Are you familiar with the "Who's on First?" comedy routine made famous by Abbott and Costello? The premise: Abbott is identifying the players on a baseball team for Costello, but the players’ names create confusion. For example, Costello asks Abbott the question "Who's on first?". The first baseman’s name is Who so Abbott simply replies “yes,” confusing Costello who thought Abbott wasn’t answering his question. This goes on and on with the unlikely and confusing names of all the players on the team.
While this is a funny scenario for comedy, similar scenarios for organizations that rely on or are part of a complex and extensive supply chain or third-party ecosystem are problematic. Third-party ecosystems can often feel like “Who’s on First” due to a multitude of players with changing roles, not to mention constantly evolving supply chains.
Supply chains are critical in the successful creation and flow of products, services, and related information. There are different types of supply chains depending on the industry -- retail, building products, healthcare, oil and gas, the seed industry, grocery stores and timber production – each with different objectives and risks. Supply chain management has evolved significantly, from simply keeping track of things and trying to manage the flow, to extremely complex systems that are subject to rapid adjustment across participant networks. Managing supply chains today requires understanding the diverse roles of supply chain members, their interactions, and the transaction models they use. Optimizing these flows for timeliness, yield, cost, and a host of other objectives is complex. Add a variety of supply chain risks into the mix and you’ve got potential chaos if it is not managed effectively.
Third-party or supply chain risks typically include inaccurate forecasting, manufacturing shortfalls or surpluses, competition, single points of failure across the supply chain and more. The past two years have introduced even more risks into supply chains due to drastically changing supply and demand, workforce disruption, logistical logjams, and geopolitical impacts. All of this has turned traditional supply chain risk modelling on its head. In addition, the increased impact of environmental, social and governance (ESG) risks is causing organizations and their suppliers to reconsider their impacts on the world and shift from a do-no-harm to a do-net-good approach. Supply chain resilience is also a quickly emerging topic brought to light during the pandemic that everyone should seriously consider.
So how do organizations deal with the complexity their supply chains represent and effectively manage the risks and ensure resilience? If we go back to Abbott and Costello’s skit, it’s all about knowing who is on first, second and third bases. One way that is done is with more effective and agile third-party risk and resilience management. Here are a few steps to consider:
Understand your third parties. Break down the myriad of suppliers you have by performing business impact analyses and determining which of your third parties are most important by virtue of your products and services they support. This allows you to prioritize your suppliers by criticality. Your third parties must also identify their third parties (your fourth parties), and their third parties do the same, and so on. The dependencies can be complex but are critical to identify and understand.
Set common objectives. Risk and resilience management cannot be done effectively in organizational siloes with different goals and approaches. It is very difficult to manage inter-related risks or build resilience inside your organization and across your supply chain if you do not set a foundation between your company and your third parties of common goals, approaches, and so on. This foundation gets your internal teams on the same page and also sets the direction for your suppliers to do likewise.
Identify potentially disruptive scenarios. Managing supply chain risk and building resilient third-party ecosystems requires knowing what could disrupt your business and your third parties. These could be individual risks or threats but also those ‘perfect storms’ or disruptive scenarios – a pandemic being the perfect example. It is critical to identify these risks, understand their potential impact on your organization, and if that impact is acceptable.
Take corrective action. All this analysis will drive you toward gaps that need to be addressed -- controls that should be implemented, recovery plans that should be drawn up and tested, and risks to be mitigated.

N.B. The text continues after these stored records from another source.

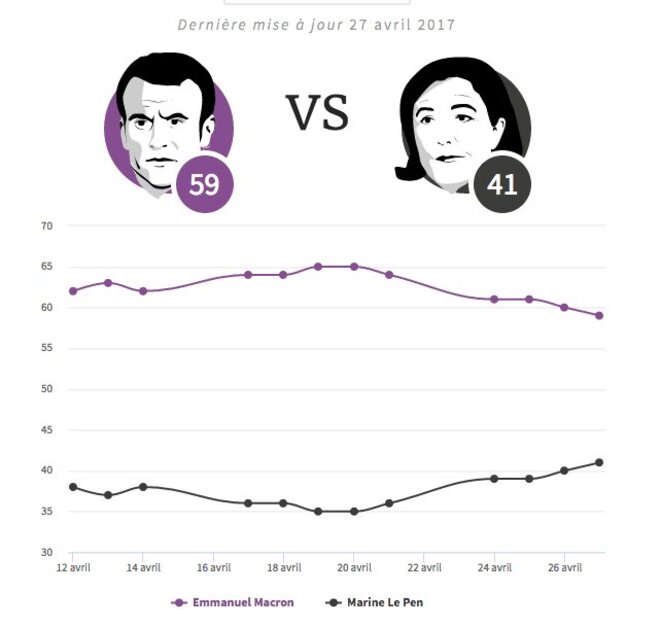 Les sondages favorables à Macron s'érodent Les sondages favorables à Macron s'érodent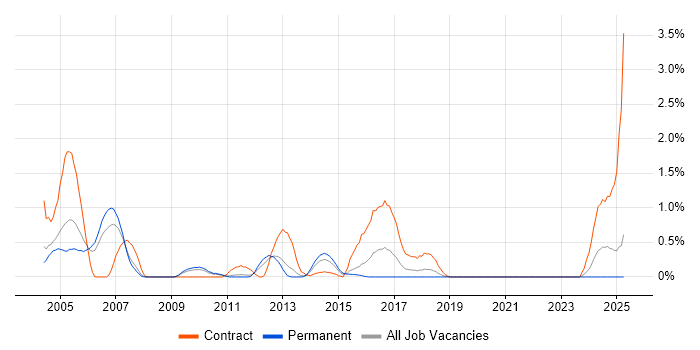 Job vacancy trend for Oracle Workflow in Warwickshire Job vacancy trend for Oracle Workflow in Warwickshire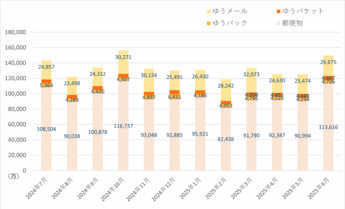 日本郵便荷物引受数（6月）推移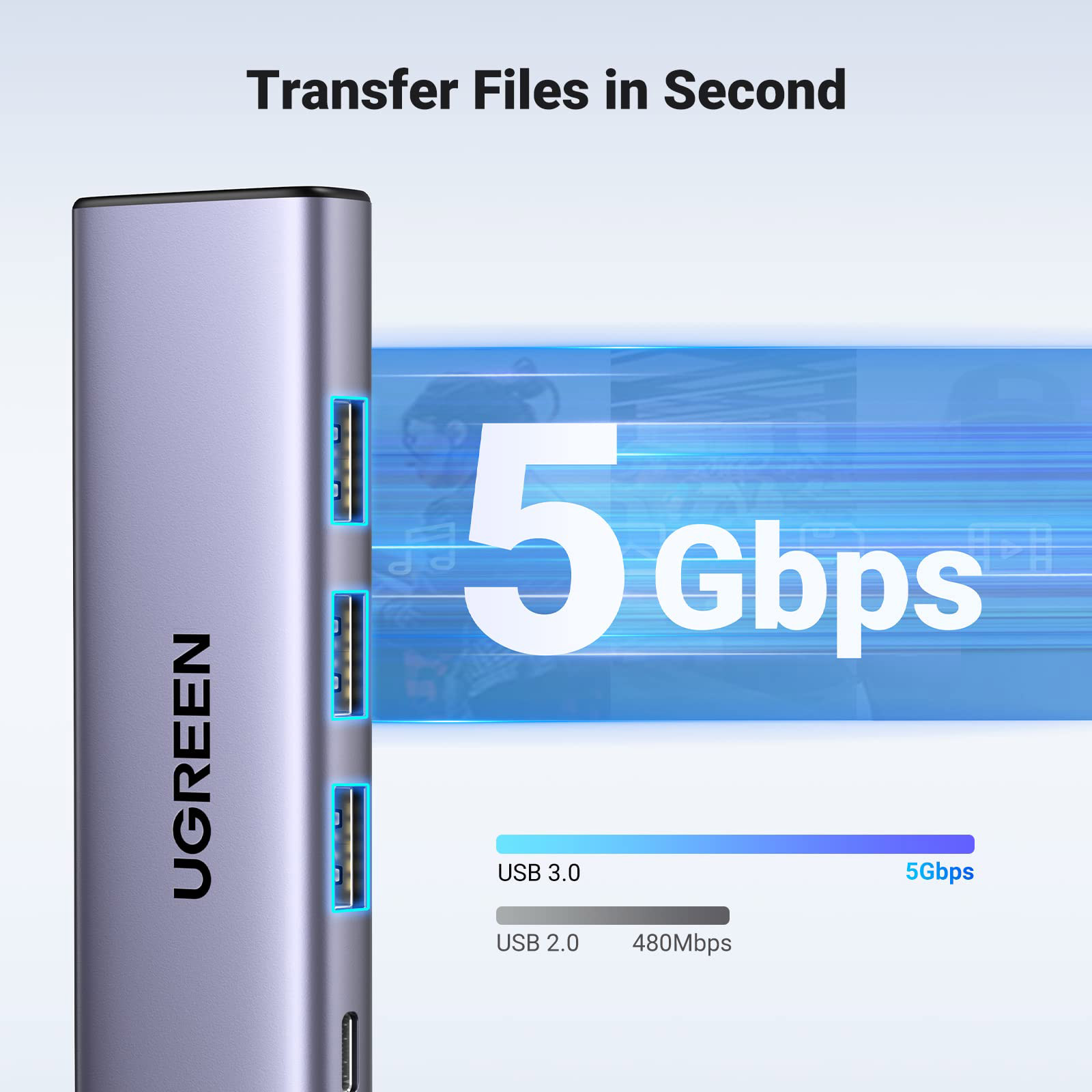 Порт-репликатор UGREEN CM511 5-in-1 USB-C Hub with 4K HDMI (15596)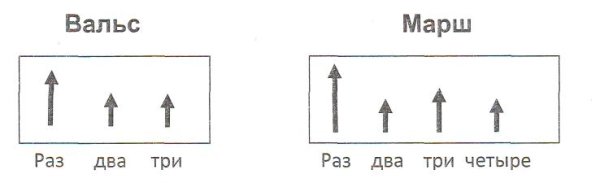 Сложный вальсовый бой схема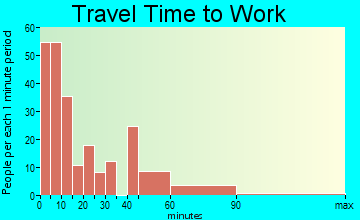 Kingwood travel time to work - commute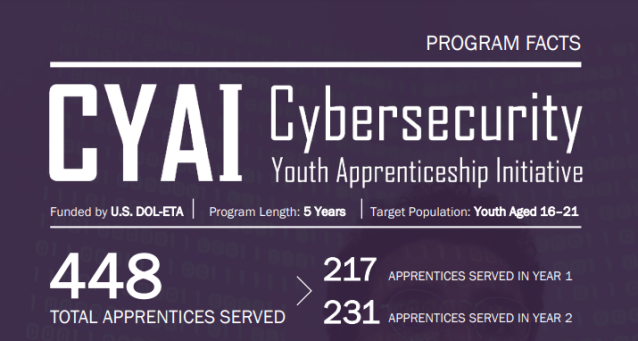 JfrankRecruit's tweet photo. Great that @ICF's @USDOL-funded @CYAI2024 project has placed nearly 450 young people into IT/Cybersecurity registered apprenticeships. Learn more about the work with CYAI here. https://t.co/eSW9DFuNWO https://t.co/GuHPIu6GN5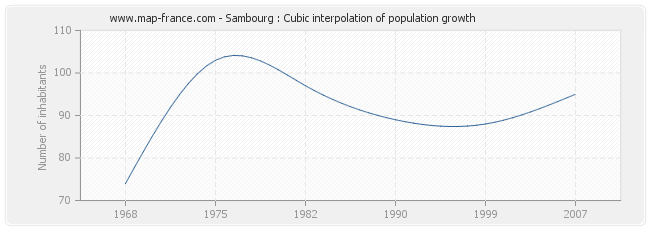 Sambourg : Cubic interpolation of population growth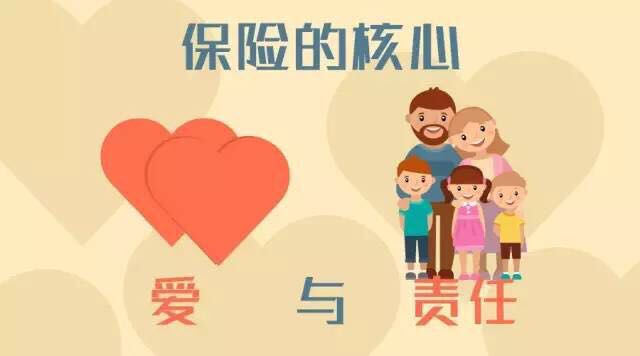 2018年有小孩如何配置保险？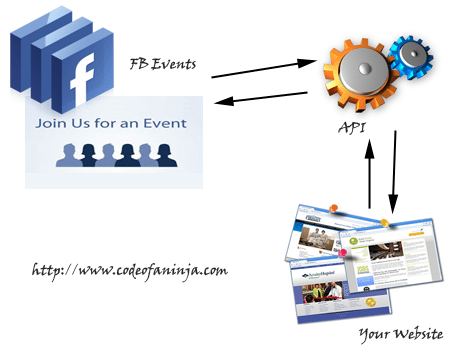 display facebook events on website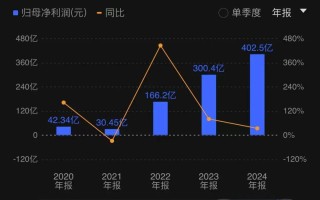 比亚迪正式登顶“中国车王”，代价是每天还债11亿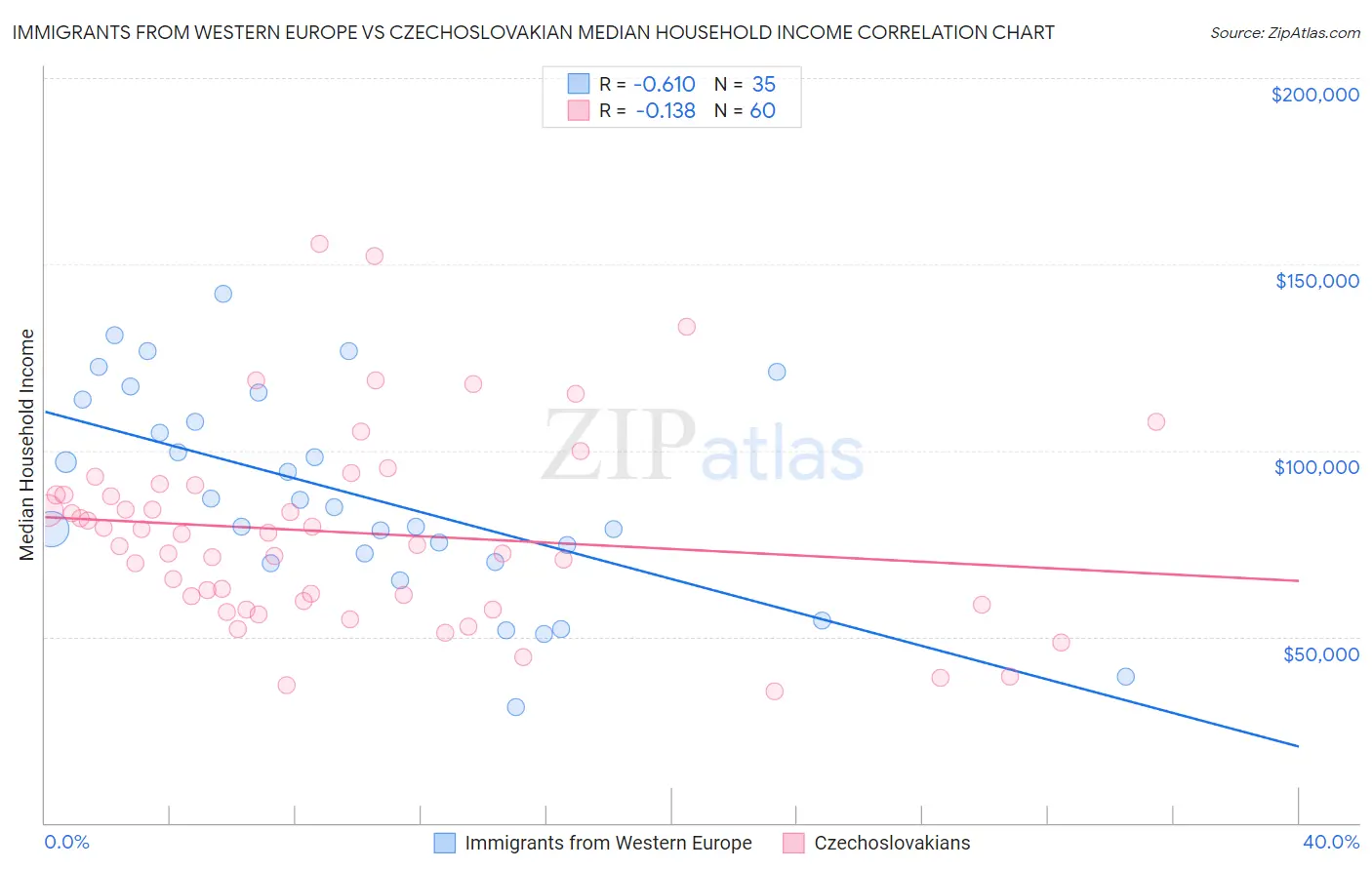 Immigrants from Western Europe vs Czechoslovakian Median Household Income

These corrective actions represent the necessary improvement between your current state and required state, and these should be assigned ownership, tracked, brought to conclusion, and measured.

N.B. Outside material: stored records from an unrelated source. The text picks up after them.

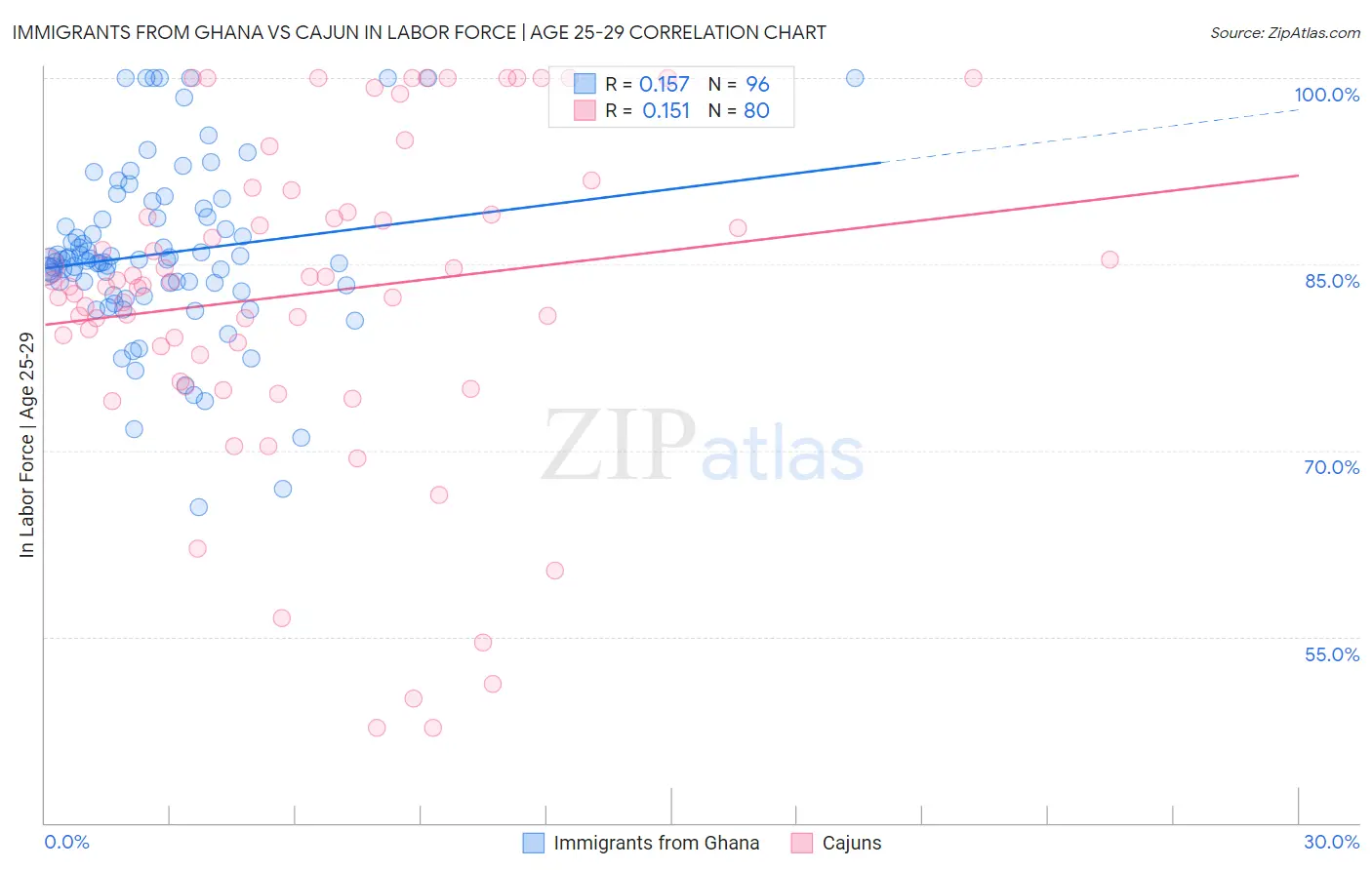 Immigrants from Ghana vs Cajun In Labor Force | Age 25-29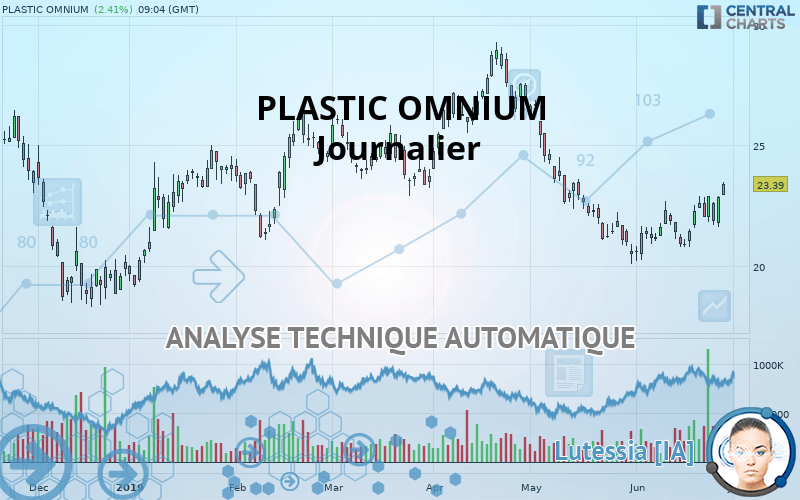 PLASTIC OMNIUM - Journalier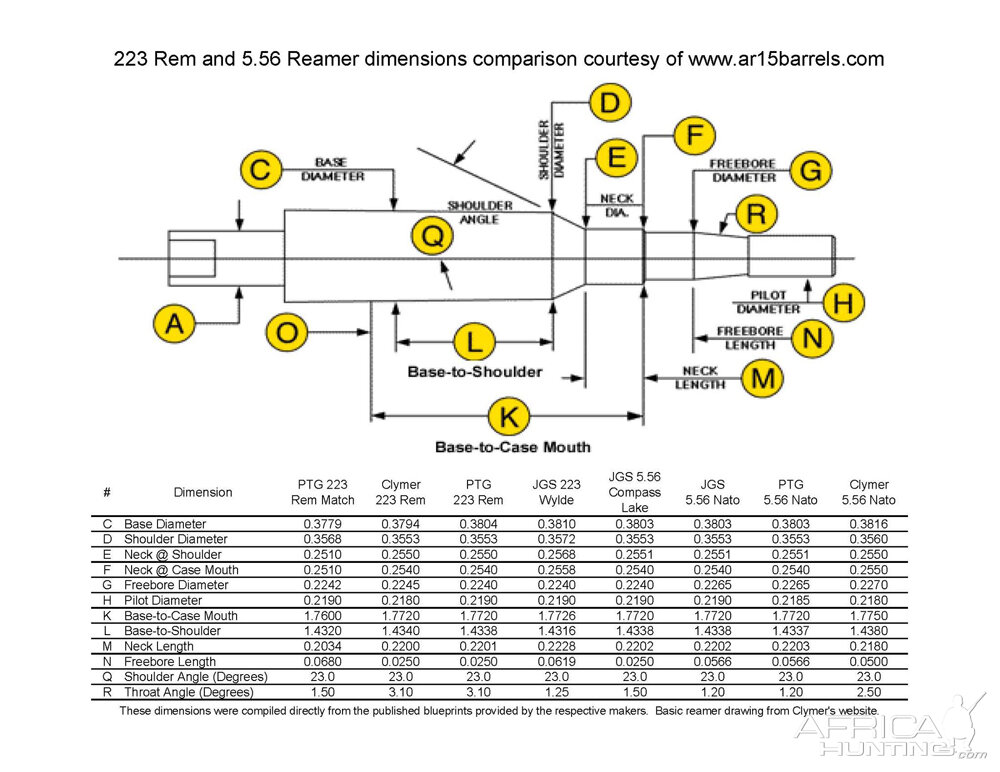 223 Rem and 5.56 Reamer Dimensions comparison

Monitor and measure. You cannot improve what you don’t measure, so it is important to translate your goals, risk tolerances, and business objectives into key risk, resilience, and performance metrics you can track, measure, and monitor. Executive and program dashboards are powerful tools to paint a picture of your supply chain at each level of risk and resilience.
Putting effective third-party risk and resilience measures in place like these helps clarify “Who’s on First,” second, and third, and helps you hit a homerun in harnessing the power of your supply chain to achieve your business objectives.